▸ How to complete this task
Retype the listing below line for line, but only from the line with "teenager with her horse" down to the line with "A dedicated red", inclusive. Pictures stay out.

▸ Data under study
────────────────
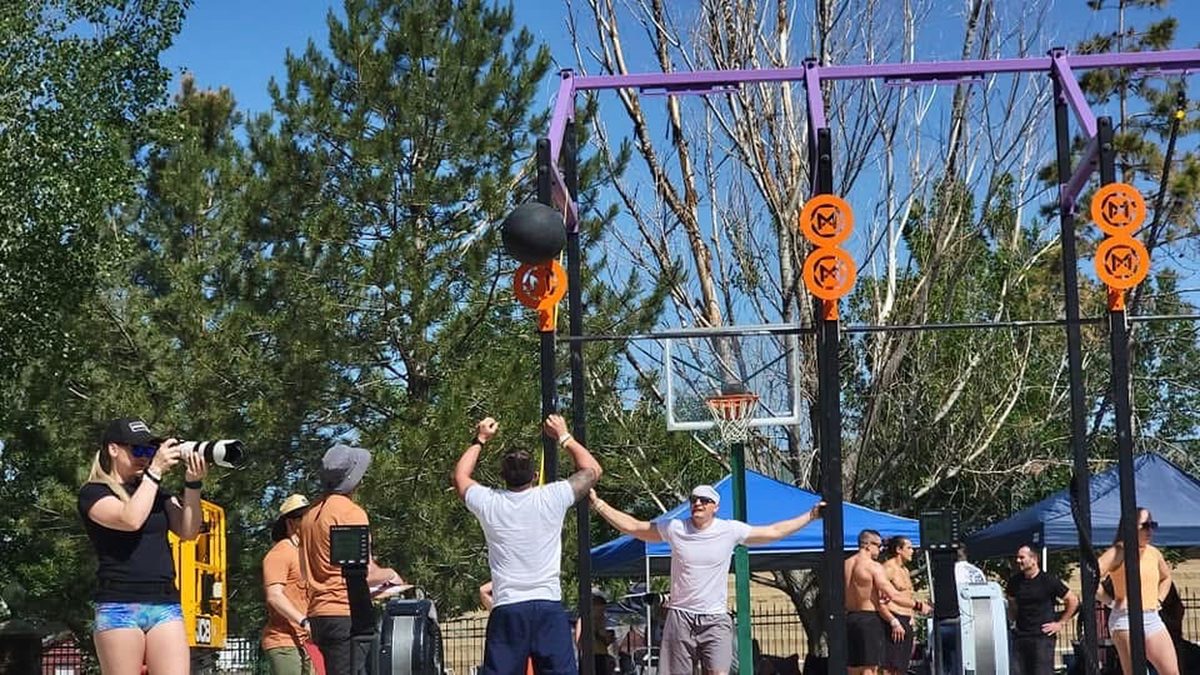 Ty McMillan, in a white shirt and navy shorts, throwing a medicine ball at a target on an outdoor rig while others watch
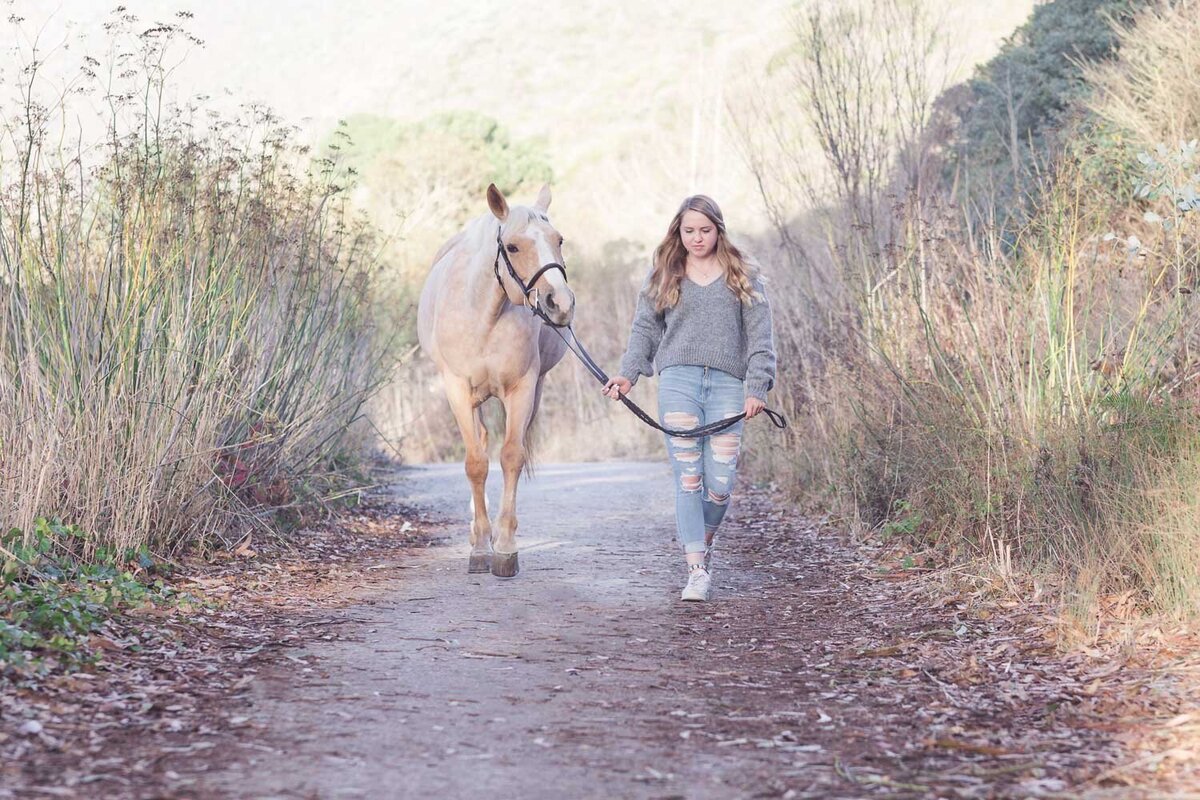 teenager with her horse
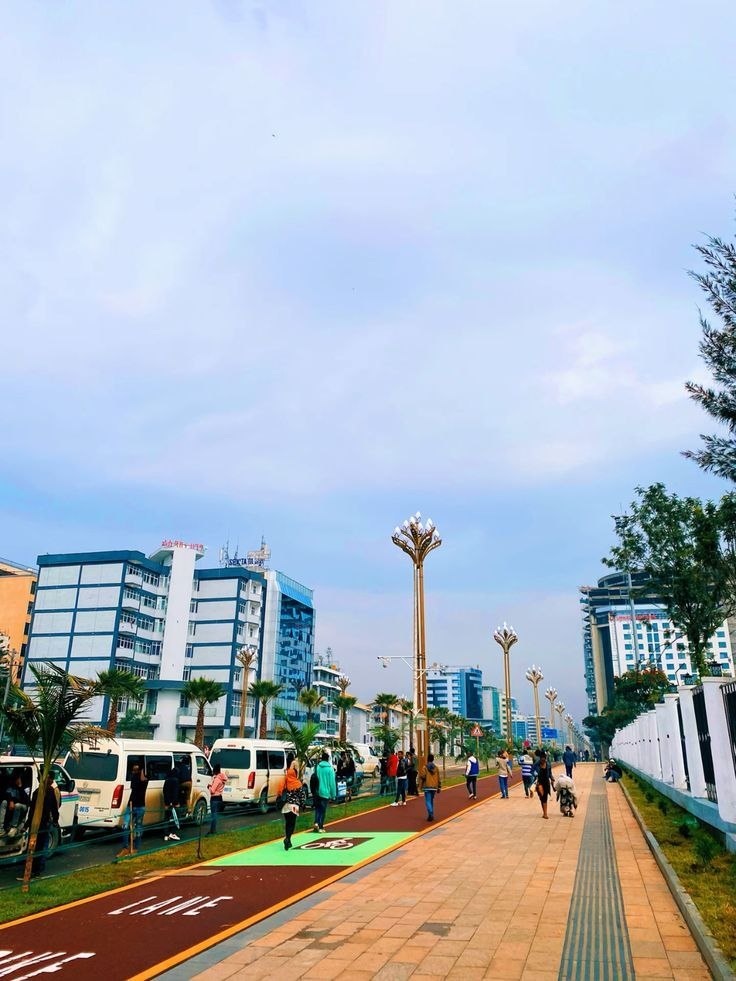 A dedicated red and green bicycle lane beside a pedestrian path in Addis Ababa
────────────────
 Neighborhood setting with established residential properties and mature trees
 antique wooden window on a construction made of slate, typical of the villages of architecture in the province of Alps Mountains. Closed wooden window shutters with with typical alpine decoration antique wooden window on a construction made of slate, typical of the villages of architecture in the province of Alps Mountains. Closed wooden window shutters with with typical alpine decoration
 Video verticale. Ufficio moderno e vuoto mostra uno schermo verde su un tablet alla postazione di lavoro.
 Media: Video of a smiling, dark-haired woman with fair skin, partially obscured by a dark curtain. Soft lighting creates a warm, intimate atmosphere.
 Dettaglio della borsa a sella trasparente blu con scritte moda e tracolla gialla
────────────────
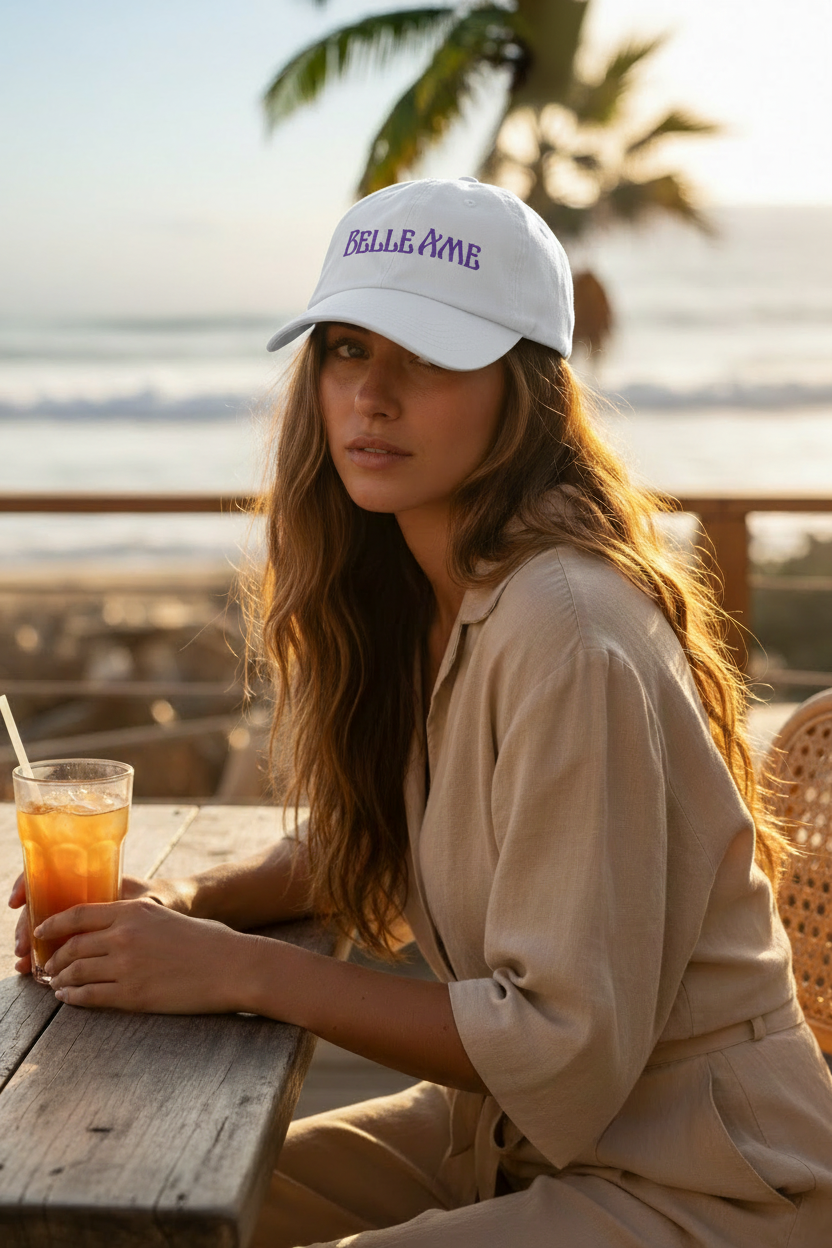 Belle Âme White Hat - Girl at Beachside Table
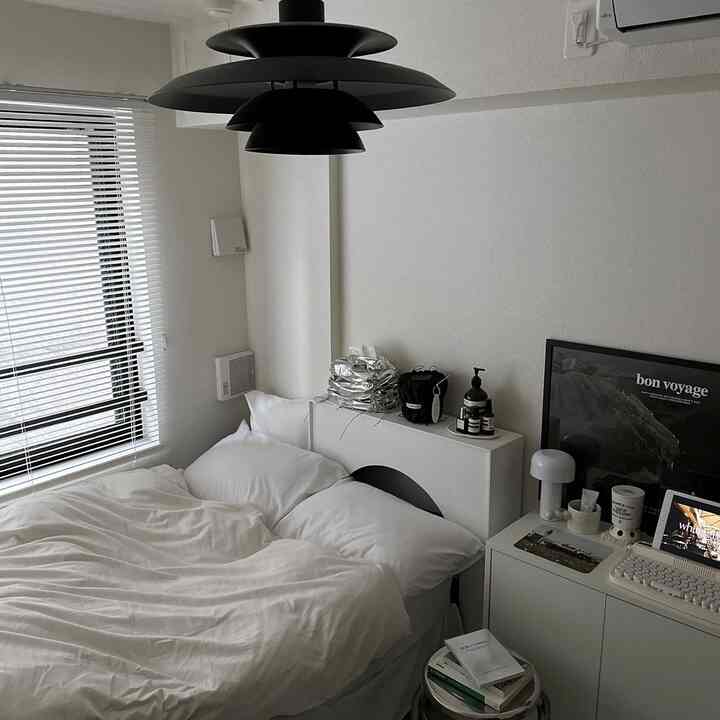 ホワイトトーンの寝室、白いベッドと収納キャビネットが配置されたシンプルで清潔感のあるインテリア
────────────────
▸ Response to this exercise
 teenager with her horse
 A dedicated red and green bicycle lane beside a pedestrian path in Addis Ababa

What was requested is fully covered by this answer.